Tribal burial ground found in New Milford
Published 8:11 pm, Wednesday, July 7, 2010
Human bones found in a mostly forgotten burial ground on Fort Hill in New Milford will be reburied with a traditional Native American spirit ceremony.
The bones, believed to be from members of the Weantinogue Indian tribe, were discovered last fall when preliminary excavation began for an affordable housing complex.
"The bones were turned up by accident when bulldozers started excavation for the complex," said Michael John Cavallaro, vice chairman of the Conservation Commission. "State archeologist Nicholas Bellantoni was called in and surveyed the site."
The discovery was not made public until now to avoid having looters violate the area, said Mr. Bellantoni, who identified the bones as human remains.
Work on the housing complex stopped until spring so the burial ground could be searched thoroughly and with dignity, officials said.
Although bones were removed, no intact skeletons were found.
The site has been searched "as much as is practical," Mr. Cavallaro said.
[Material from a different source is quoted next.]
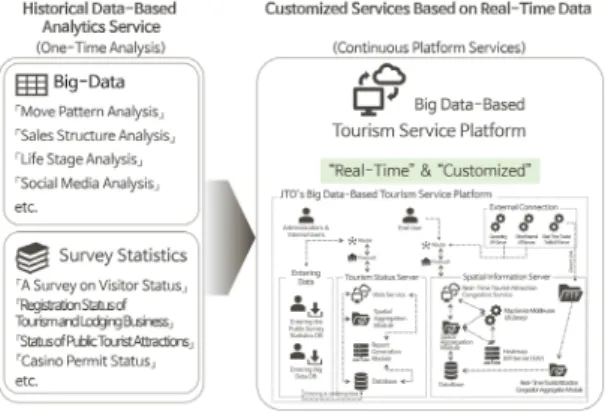Fig.  6.  Big  Data-Based  Tourism  Service  Platform  Construction 4.  결론 제주지역에서 관광분야 빅데이터의 활용은 매우 광범 위하게 이루어지고 있으며 가장 큰 성과는 다음과 같이 요약될 수 있다
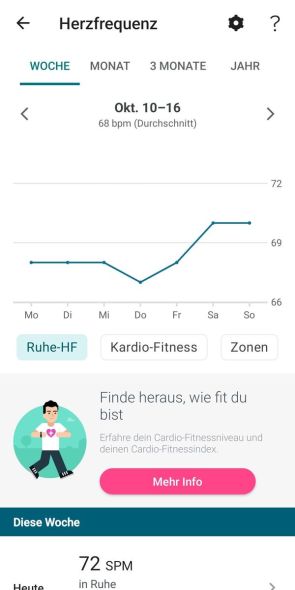 Ruheherzfrequenz der vergangenen Tage, Wochen und Monate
The state archaeologist worked with the Native American Heritage Council and the Schaghticoke Tribal Nation to preserve the Weantinogue remains.
A cultural resource map of the burial ground was prepared and offered to the New Milford Planning Commission last week to add to the 2010 Plan of Conservation and Development.
"Historically, the tribe the bones are from would be known as the Weantinogue Tribe," Mr. Bellantoni said. "They will be turned over to the Schaghticoke Tribal Nation, who will hold a spirit ceremony and rebury them at the reservation in Kent."
Schaghticoke Chief Richard Velky could not be reached for comment.
A monument will be constructed at the burial ground site on Fort Hill, designating the historical significance of the location, Mr. Bellantoni said.
The burial site was known in the 1880s, when a New Milford farmer first disturbed remains while plowing his field, Mr. Cavallaro said.
To protect the site from looting at that time, the farmer planted a grove of trees over it. In 1920, Yale University documented the site, but it was then forgotten in local history, Mr. Cavallaro said.